TORINO – Da oggi al 2 marzo l’esperienza di Lavazza nella sperimentazione sono al servizio dell’eccellenza formativa del Politecnico di Torino. Si tratta del workshop “Coffee Design” che si pone come obiettivo quello di trasmettere agli studenti del corso di Laurea in Design e Comunicazione del Politecnico l’esperienza di Lavazza nella sperimentazione sul caffè, affinché possano da una parte indagare visioni possibili e future di questa bevanda, dall’altra individuare ambiti di ricerca innovativi sul prodotto, sul consumo e sulla comunicazione.

Gli studenti dovranno quindi lavorare su Design e Food-Design legati allo sviluppo di nuove idee e progetti sul mondo dell’espresso, ricercando concetti, modalità e oggetti innovativi connessi al momento del consumo di caffè. Il workshop è un’iniziativa inserita nel programma di partnership quinquennale per l’attività di ricerca e sviluppo siglato nel 2009 tra Lavazza e Politecnico, Polo d’eccellenza della formazione tecnica riconosciuto a livello internazionale. Il contributo fondamentale alla realizzazione del workshop è dato dal Training Center Lavazza di Torino, struttura che da oltre 30 anni si impegna nella formazione e aggiornamento dei professionisti del settore, oltre che alla ricerca e sviluppo di nuovi prodotti e oggetti legati al mondo del caffè.

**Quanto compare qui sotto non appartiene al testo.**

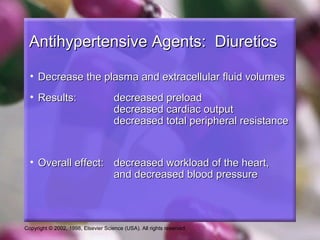 Copyright © 2002, 1998, Elsevier Science (USA). All rights reserved.
Antihypertensive Agents: DiureticsAntihypertensive Agents: Diuretics
• Decrease the plasma and extracellular fluid volumesDecrease the plasma and extracellular fluid volumes
• Results:Results: decreased preloaddecreased preload
decreased cardiac outputdecreased cardiac output
decreased total peripheral resistancedecreased total peripheral resistance
• Overall effect:Overall effect: decreased workload of the heart,decreased workload of the heart,
and decreased blood pressureand decreased blood pressure
 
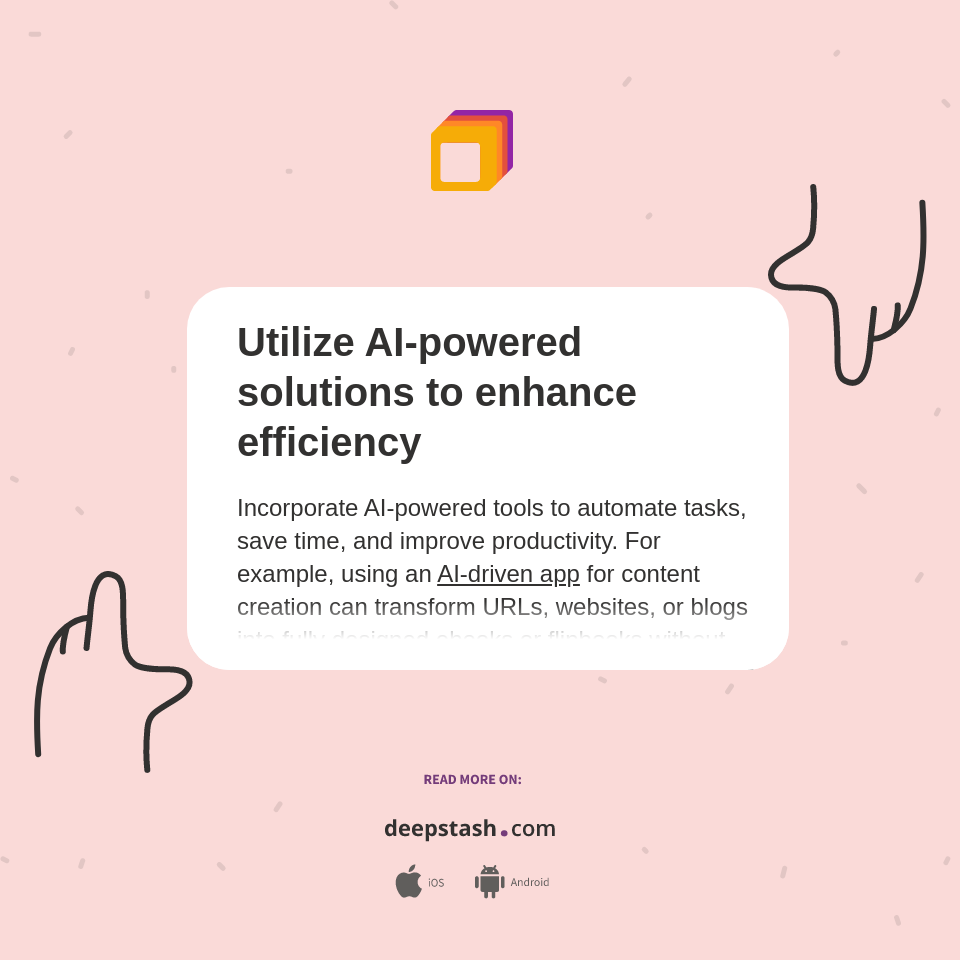 Utilize AI-powered solutions to enhance efficiency - Deepstash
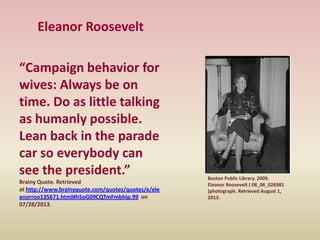 Eleanor Roosevelt
“Campaign behavior for
wives: Always be on
time. Do as little talking
as humanly possible.
Lean back in the parade
car so everybody can
see the president.”
Brainy Quote. Retrieved
at http://www.brainyquote.com/quotes/quotes/e/ele
anorroo135671.html#hSoG09CQTmFmbhip.99 on
07/28/2013.
Boston Public Library. 2009.
Eleanor Roosevelt ( 08_06_026981
)photograph. Retrieved August 1,
2013.
 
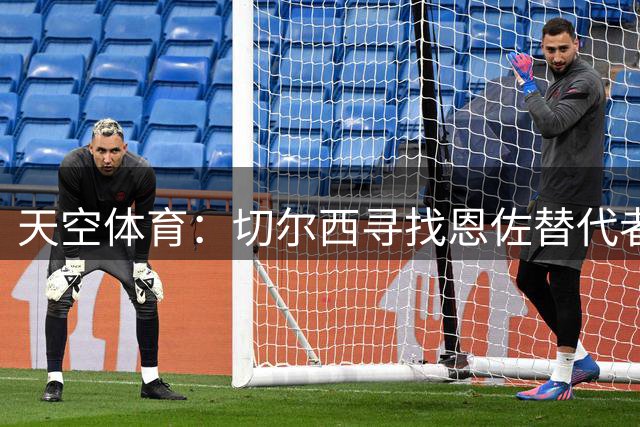 天空体育：切尔西寻找恩佐替代者，科内和卡马拉进入备选名单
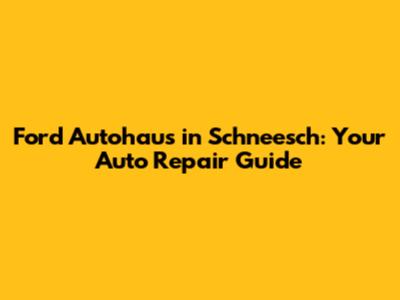 Ford Autohaus in Schneesch: Your Auto Repair Guide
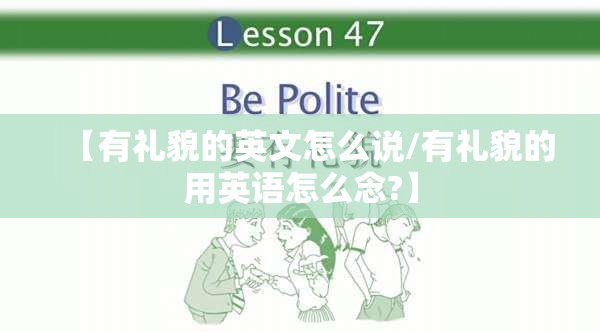 【有礼貌的英文怎么说/有礼貌的用英语怎么念?】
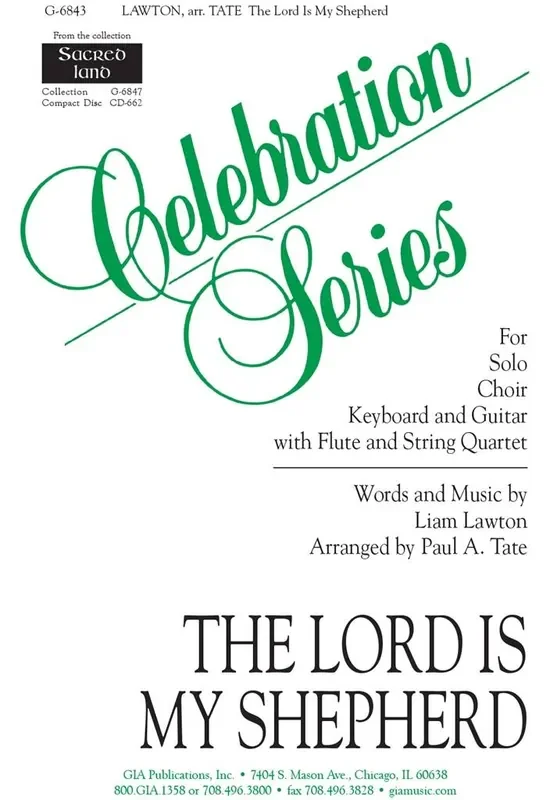 Liam Lawton Lord Is My Shepherd, The (Arr. Paul A. Tate) Gemischter Chor mit Klavier/Orgel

Lavazza è stata la prima azienda a creare nel 1979 un’istituzione dedicata alla formazione, una vera e propria scuola dell’espresso che oggi è diventata un network internazionale con oltre 45 sedi sparse nei 5 continenti e finalizzate alla diffusione a livello mondiale della cultura dell’autentico espresso italiano. Il workshop, che durerà fino a venerdì si svolgerà presso l’ Innovation Center Lavazza, centro dedicato alla Ricerca e Sviluppo nel quale si trova anche il Training Center (Strada Settimo 410) e presso la nuova Cittadella del Design in corso Settembrini 178. Tutor del progetto è Marcello Arcangeli – responsabile dello sviluppo nuovi prodotti a base espresso e dei Training Center – che avrà una parte attiva nella preparazione culturale degli studenti attraverso esperienze aderenti alla loro formazione, ma atipiche in quanto legate al mondo del food and beverage.

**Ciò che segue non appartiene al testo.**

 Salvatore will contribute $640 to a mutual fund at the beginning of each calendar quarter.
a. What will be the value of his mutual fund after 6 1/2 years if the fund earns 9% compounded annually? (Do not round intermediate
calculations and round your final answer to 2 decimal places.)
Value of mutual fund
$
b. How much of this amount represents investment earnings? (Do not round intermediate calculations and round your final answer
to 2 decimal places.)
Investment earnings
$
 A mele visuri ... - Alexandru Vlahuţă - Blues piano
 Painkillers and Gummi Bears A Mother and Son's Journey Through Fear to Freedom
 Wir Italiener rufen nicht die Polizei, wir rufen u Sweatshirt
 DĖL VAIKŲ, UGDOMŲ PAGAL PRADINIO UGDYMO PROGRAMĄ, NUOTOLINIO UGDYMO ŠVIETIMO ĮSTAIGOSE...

Arcangeli metterà quindi a disposizione degli studenti l’expertise e la competenza di Lavazza in materia di caffè, di design e food design offrendo nuovi stimoli e suggerendo nuovi percorsi nell’ambito del workshop “Coffee Design”. Lavazza conferma così il suo impegno nel promuovere la cultura dell’espresso a livello internazionale, testimoniando l’attenzione che l’azienda dedica alla formazione, anche attraverso una sempre più sinergica collaborazione con il mondo accademico.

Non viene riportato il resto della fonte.